I am posting this rather late (i.e. today, instead of last week). This delay was provoked by (among other rather more serious commitments) fulfilling a promise I had made to provide some programme notes for a performance this week of Brahms’ ponderous and lengthy "German Requiem." As that description may suggest, I have never been a fan of Brahms’ Requiem, his longest composition written when he was in his early thirties between 1865 and 1867. George Bernard Shaw remarked "There are some experiences in life which should not be demanded twice from any man, and one of them is listening to the Brahms Requiem." I was not quite of that opinion, but I understood the sentiment.
Or at least I thought I did. One of the interesting things about writing on a topic is, of course, one acquires more than a passing familiarity with it. Having never really bothered with the piece, I was astonished to learn certain facts about the work, most of which I now understand to be elementary. Some were technical, such as the almost promiscuous use of neo-Baroque fugal writing. Others were of a more basic nature. Like the German Requiem is not, in the liturgical sense, a Requiem. Who knew? Well, plenty of folks apparently, but never underestimate one’s own cultural ignorance. There’s just too much damn culture out there to know it all!
Anyway, As I slogged through the score and digested various scholarly articles, I started to acquire a newfound respect for the composition. First off, it’s good music. Better than I had earlier thought. But I also took a much closer look at the text and its context and discovered some interesting things.
Brahms rejected the liturgical (latin) requiem ("Requiem æternam dona eis, domine, &c…) and instead culled through scripture (using Luther’s translation no less) to work up his own material. Brahms was a convinced agnostic (who knew…? Well, plenty of folks apparently, but moving on) and he found the liturgical mass, with its emphasis on begging forgiveness, judgment and redemption, distasteful. Denn alles Fleisch es ist wie Gras (1 Peter 1:24) bellows the choir in the second movement. So really: what’s to forgive?

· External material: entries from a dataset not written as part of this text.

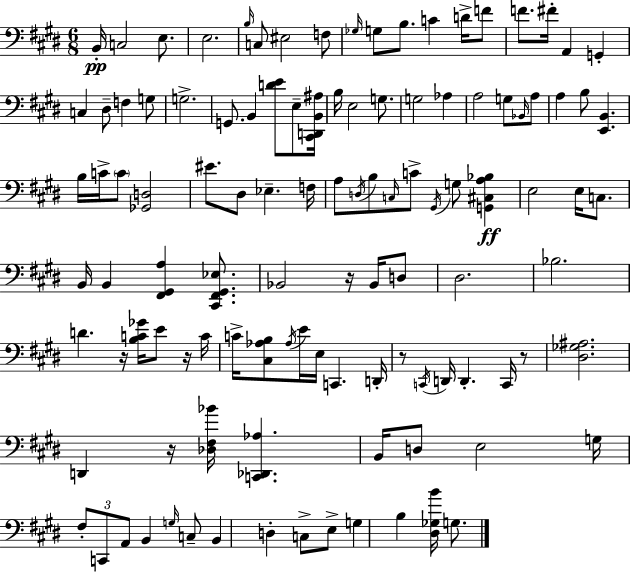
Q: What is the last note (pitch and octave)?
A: G3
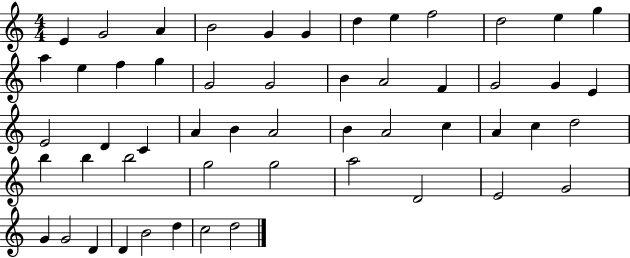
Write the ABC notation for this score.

X:1
T:Untitled
M:4/4
L:1/4
K:C
E G2 A B2 G G d e f2 d2 e g a e f g G2 G2 B A2 F G2 G E E2 D C A B A2 B A2 c A c d2 b b b2 g2 g2 a2 D2 E2 G2 G G2 D D B2 d c2 d2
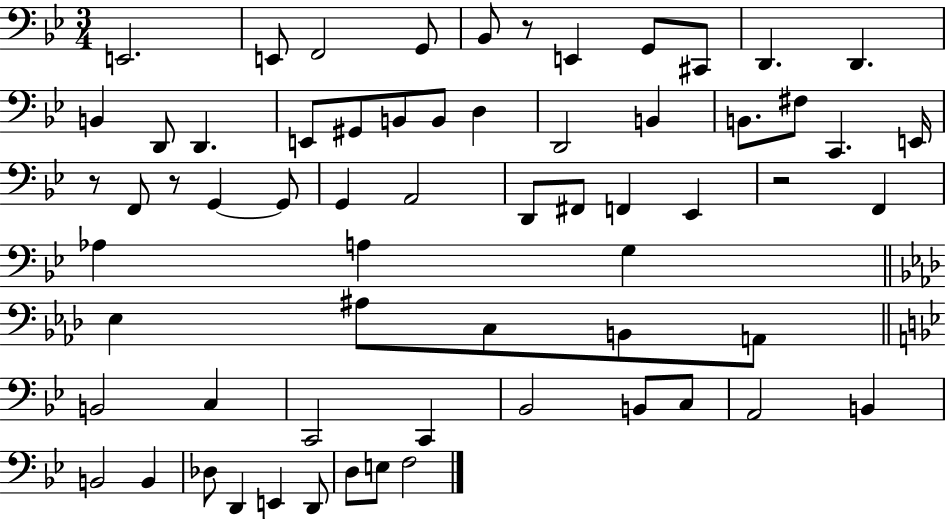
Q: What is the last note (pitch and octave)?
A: F3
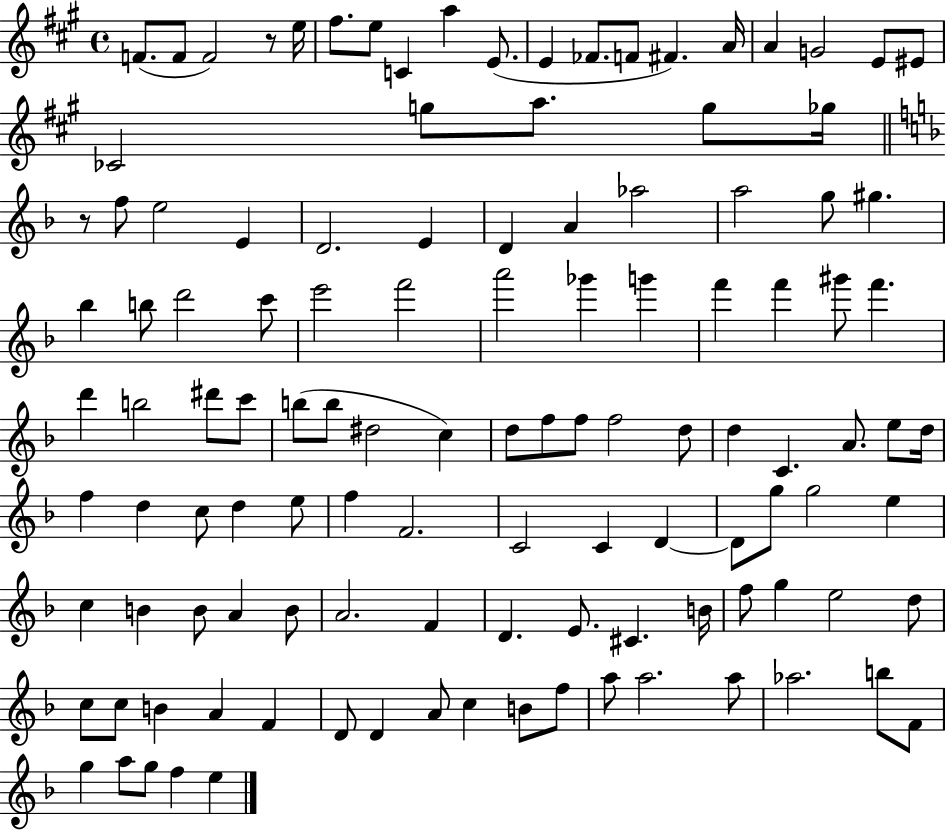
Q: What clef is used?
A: treble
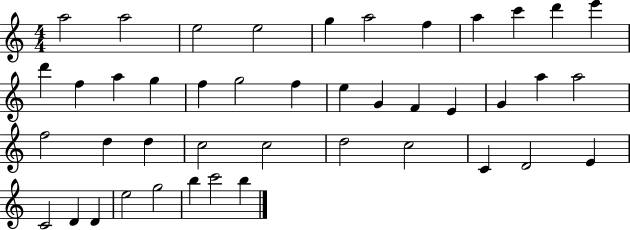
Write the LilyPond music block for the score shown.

{
  \clef treble
  \numericTimeSignature
  \time 4/4
  \key c \major
  a''2 a''2 | e''2 e''2 | g''4 a''2 f''4 | a''4 c'''4 d'''4 e'''4 | \break d'''4 f''4 a''4 g''4 | f''4 g''2 f''4 | e''4 g'4 f'4 e'4 | g'4 a''4 a''2 | \break f''2 d''4 d''4 | c''2 c''2 | d''2 c''2 | c'4 d'2 e'4 | \break c'2 d'4 d'4 | e''2 g''2 | b''4 c'''2 b''4 | \bar "|."
}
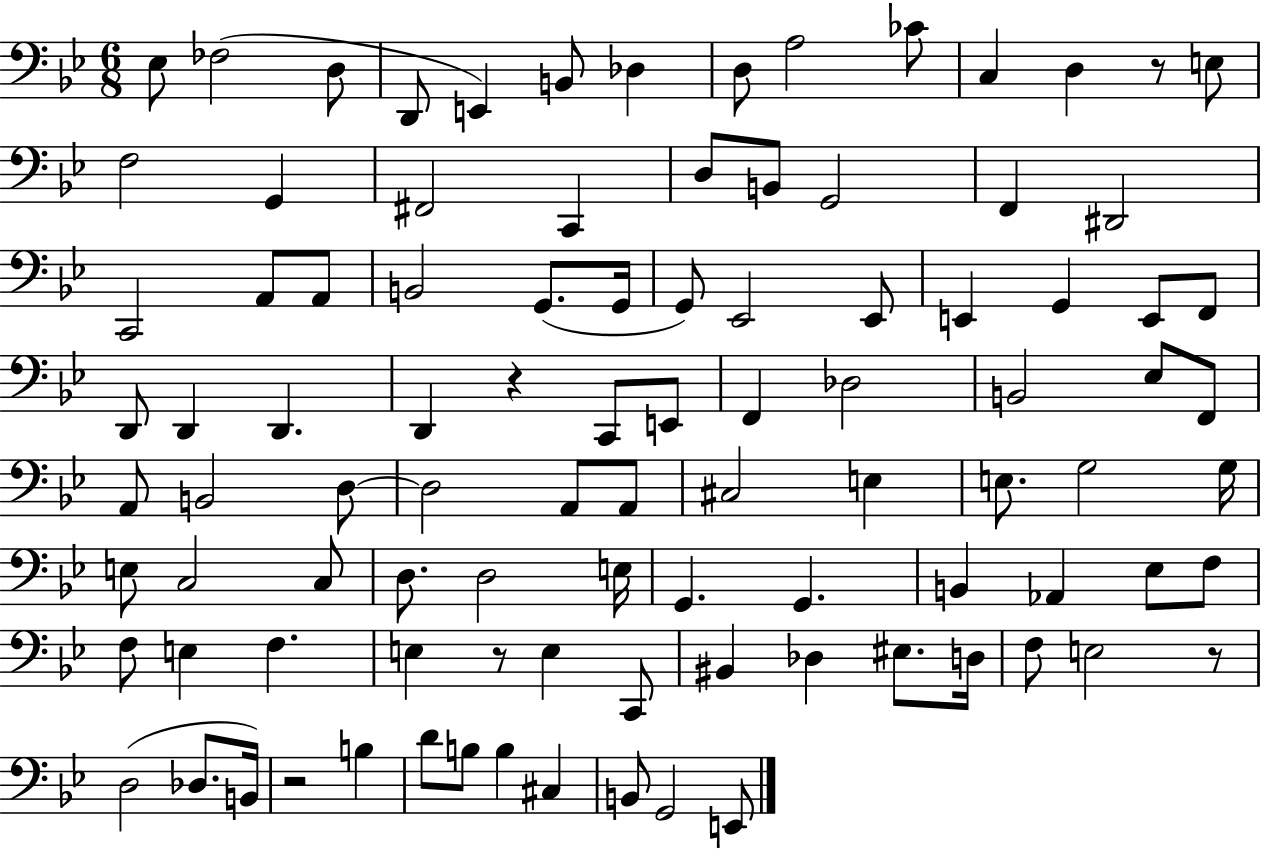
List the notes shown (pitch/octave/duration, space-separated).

Eb3/e FES3/h D3/e D2/e E2/q B2/e Db3/q D3/e A3/h CES4/e C3/q D3/q R/e E3/e F3/h G2/q F#2/h C2/q D3/e B2/e G2/h F2/q D#2/h C2/h A2/e A2/e B2/h G2/e. G2/s G2/e Eb2/h Eb2/e E2/q G2/q E2/e F2/e D2/e D2/q D2/q. D2/q R/q C2/e E2/e F2/q Db3/h B2/h Eb3/e F2/e A2/e B2/h D3/e D3/h A2/e A2/e C#3/h E3/q E3/e. G3/h G3/s E3/e C3/h C3/e D3/e. D3/h E3/s G2/q. G2/q. B2/q Ab2/q Eb3/e F3/e F3/e E3/q F3/q. E3/q R/e E3/q C2/e BIS2/q Db3/q EIS3/e. D3/s F3/e E3/h R/e D3/h Db3/e. B2/s R/h B3/q D4/e B3/e B3/q C#3/q B2/e G2/h E2/e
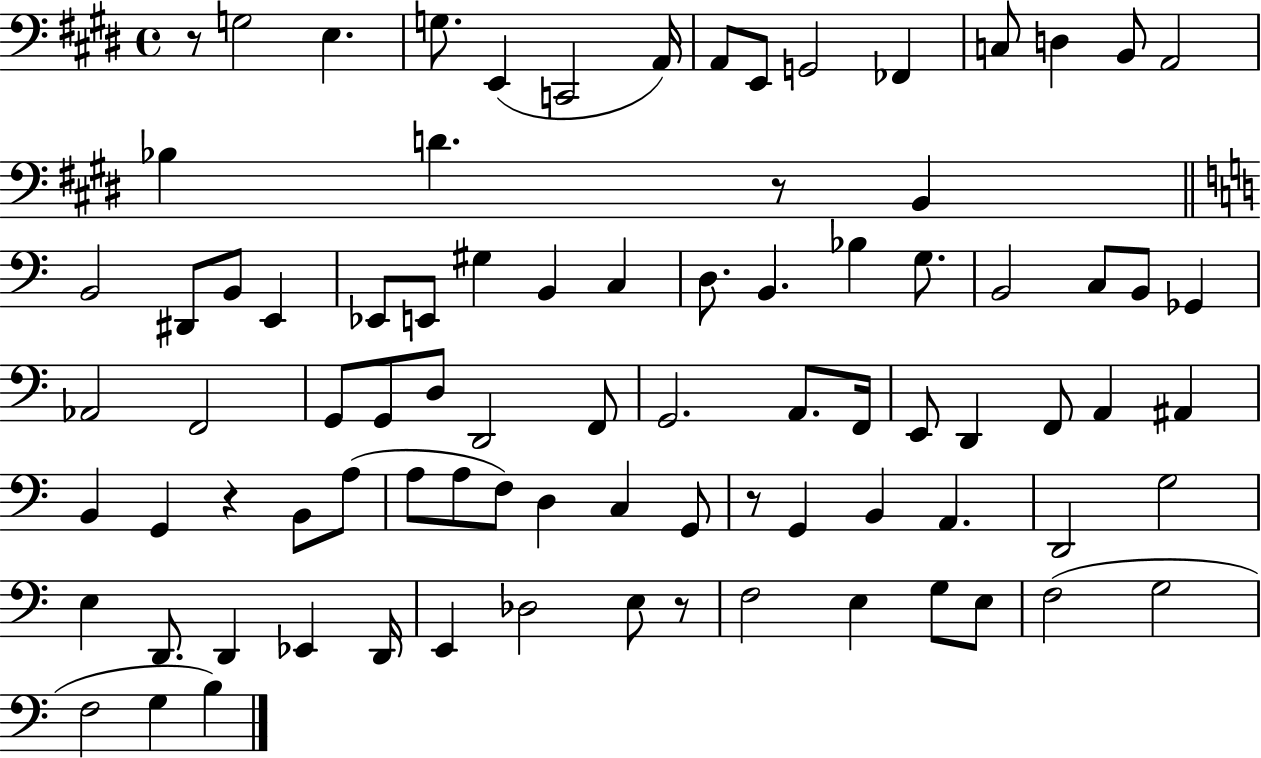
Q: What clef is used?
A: bass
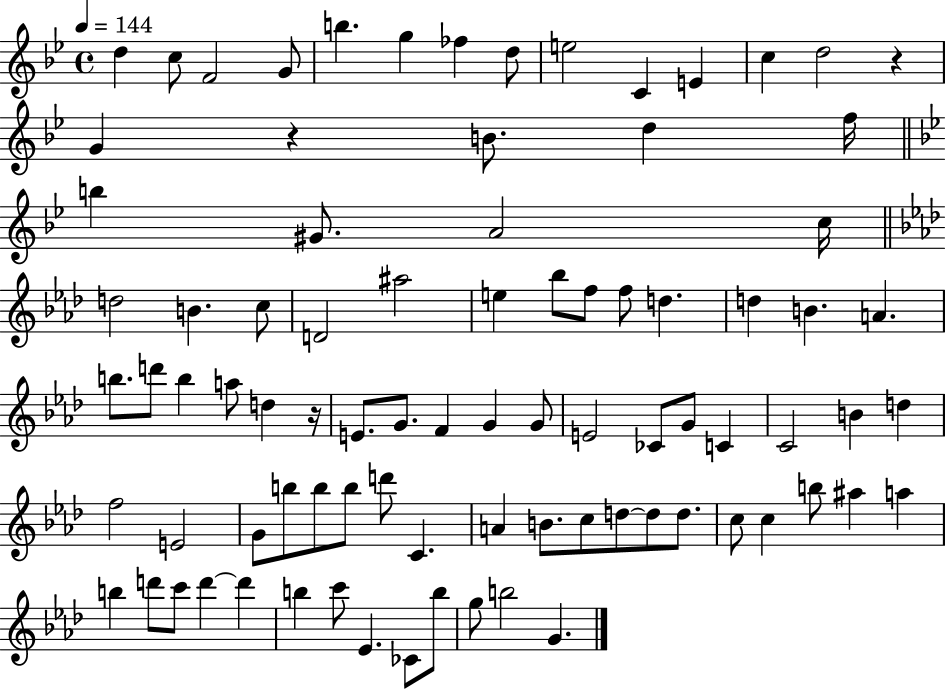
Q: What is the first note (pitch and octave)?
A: D5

Instead, Brahms shifts the emphasis, broadly speaking, from God to man. It might be more precise to say that he shifts it from the Christian God of liturgy to a Deist God, untroubled by theology. Where the former sits in judgment over humanity, the latter is innately part of the human condition. And this is what Brahms’ Requiem is about: remembering the dead and offering comfort to the living. Although it is still a scripturally-grounded work, the sentiment nonetheless reminded me of Feuerbach’s famous borrowing: "homo homini deus est!"
Brahms, in other words, was very much of his time and place. Directly perhaps he was influenced by the ideas of Schopenhauer, in whose aesthetic elaboration music enjoyed a privileged position. More generally, the Zeitgeist of Brahms’ intellectual world was the inheritor to three generations of German aesthetic and philosophical enquiry starting with Kant and Goethe, which had deeply (if entirely inadvertently) destabilised the theological foundations of Christian teaching by asking uncomfortable ontological questions about reason, history, society and man.
I know that sounds like the kind of breezy, overarching, dilettantish commentary one might expect to find in, say, programme notes. But there is nonetheless something remarkable and quite surprisingly vital about the image that all this conveys: a 32-year old budding composer, thumbing through scripture to invent in text and express in music a new sense of the sacred. And all this because he deeply believed that an earlier communion had been lost and was no longer capable of memorialising the dead nor comforting the living. The philosophical discourse of the past can often come across as so much elevated abstraction. It is indeed refreshing to stumble across moments when it becomes unexpectedly real.